Added to the brief introduction that we have done just some lines above, and taking into consideration that we are going to talk during my blog mostly about Business Intelligence, we would like to analyze with deeper detail how to answer to these two simple questions: What does BI means? How can we properly understand the BI concept?
BI has multiple definitions in multiple publications. The Wikipedia definition for BI is this: “Business intelligence is a set of theories, methodologies, architectures, and technologies that transform raw data into meaningful and useful information for business purposes.” In our opinion this is a very interesting definition because it shows a full image of a BI solutions, and not only the usual focus on the front-end tools that some definitions remark. Because to have a BI solution in place implies to follow some theories in the definition of the process such that some specific data model applies methodologies that help you to achieve efficiency during your implementation project and then the later maintenance, which define the correct architecture that gives you an appropriate Return of Investment based on the benefit that you will obtain from the BI project, and finally choose the set of technologies that meets with your requirements, specifications, and economic possibilities. In Figure 1 you can see a diagram of main BI components. Keep it in mind because it will be useful for you to understand the whole blog.
Figure 1. BI system components
In Figure 1 you can see that the main information source of all the system is the ERP (in spite of that, as we will see, there can be multiple other sources), then we have an ODS database that contains a direct extraction from ERP; it can be a database or some tables inside our database, but this concept usually exists, using direct extractions from ERP so as not to overload the source system. With our ETL tool we will move information from ODS to the Staging Area database where we will process the information, and finally we will insert that in the datawarehouse where we will access with our BI front-end tool. It is quite possible that we have just a database and the distinction between ODS, Staging Area, and Datawarehouse is just the tables that we use or different schemas inside the database. Finally we can have a MOLAP system that will help us to realize the budget for the next year.
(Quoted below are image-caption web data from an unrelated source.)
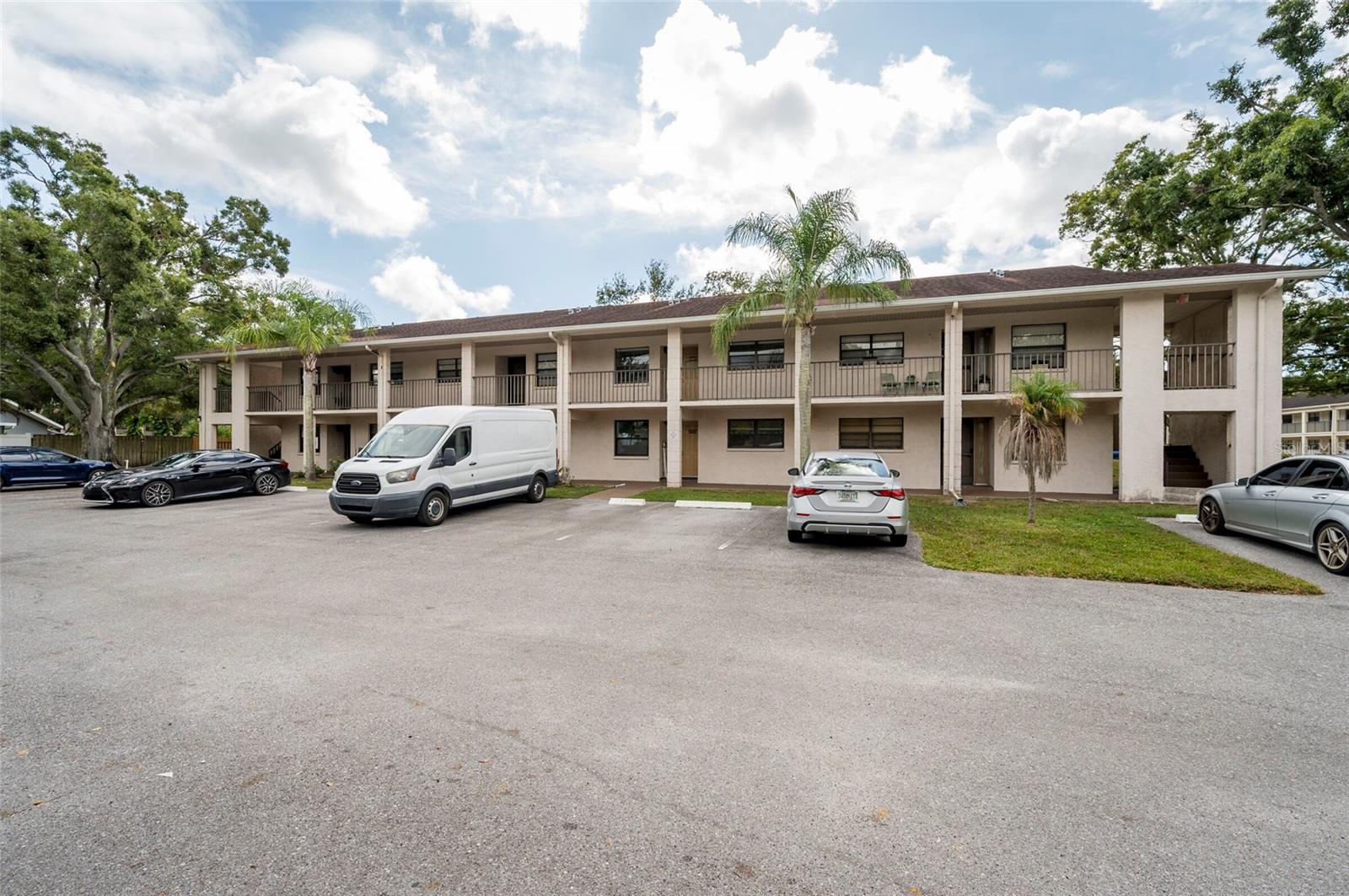 Details for 2275 62nd Avenue N 5202, ST PETERSBURG, FL 33702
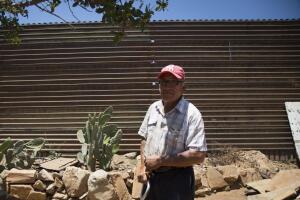 La casa de Pedro carece de todos los servicios públicos, pero él se las arregla para tenerlos. 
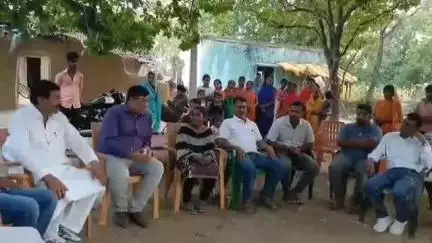टंडवा: विधायक उज्जवल दास पहुंचे पंदनी गांव, 12वीं आर्ट्स परीक्षा में प्रखंड टॉपर सुहानी को किया सम्मानित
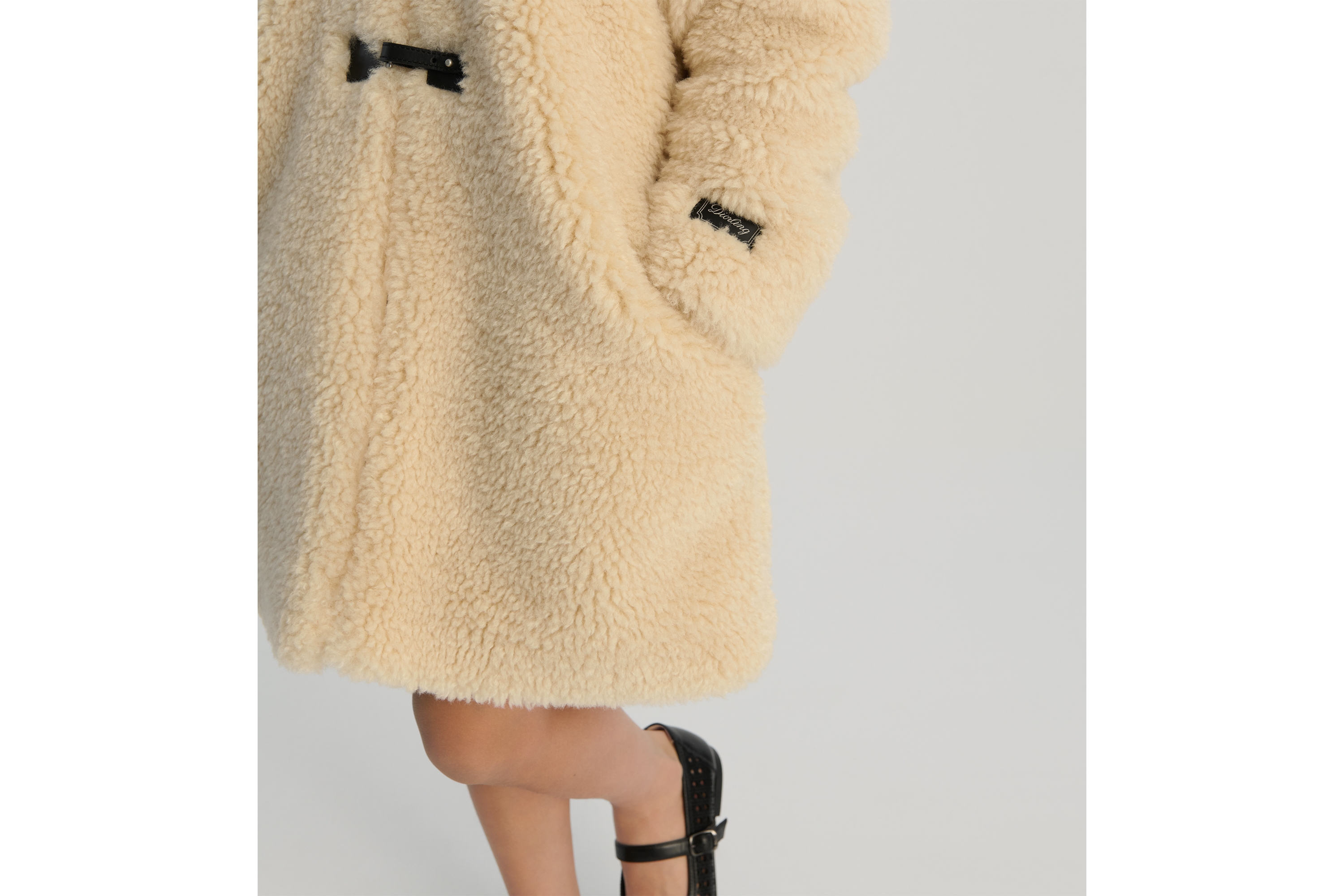 look_image_alt_prefix Kindermantel mit Kapuze Kunstfell in Beige E04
We will see the detail of each component along the whole my blog.
During read my blog we will analyze some theories during this introduction; we will talk about methodologies; we will see the full architecture of the system; and we will evaluate different technologies.
There are also some other interesting concepts to define BI. One of them is focusing on the advantage that a company can get from implementing this kind of system as far as you can be more efficient in administrative tasks for gathering information and use your time to analyze the information to get conclusions. Also it’s important to remark that information that we are managing can come from internal and external sources to be able to analyze how we are performing our activities but also to compare with our competitors if they are publishing information or trying to analyze data from our target markets that we are going to access.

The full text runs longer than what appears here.